**YOUR OBJECTIVE**
From the line with "Ambros Brucker Traumstraßen Asiens" through the final line, transcribe the material below character for character; include no other lines.

======== ENTRIES PROVIDED

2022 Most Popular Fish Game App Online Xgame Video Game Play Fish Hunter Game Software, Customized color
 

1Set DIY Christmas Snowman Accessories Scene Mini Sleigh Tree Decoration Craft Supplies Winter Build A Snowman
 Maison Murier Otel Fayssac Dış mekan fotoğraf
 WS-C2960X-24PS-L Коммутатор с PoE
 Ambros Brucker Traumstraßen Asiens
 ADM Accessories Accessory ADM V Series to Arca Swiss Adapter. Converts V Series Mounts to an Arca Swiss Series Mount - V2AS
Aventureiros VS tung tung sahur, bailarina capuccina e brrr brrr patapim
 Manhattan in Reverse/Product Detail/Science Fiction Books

================

**RESPONSE TO THIS EXERCISE**
 Ambros Brucker Traumstraßen Asiens
 ADM Accessories Accessory ADM V Series to Arca Swiss Adapter. Converts V Series Mounts to an Arca Swiss Series Mount - V2AS
Aventureiros VS tung tung sahur, bailarina capuccina e brrr brrr patapim
 Manhattan in Reverse/Product Detail/Science Fiction Books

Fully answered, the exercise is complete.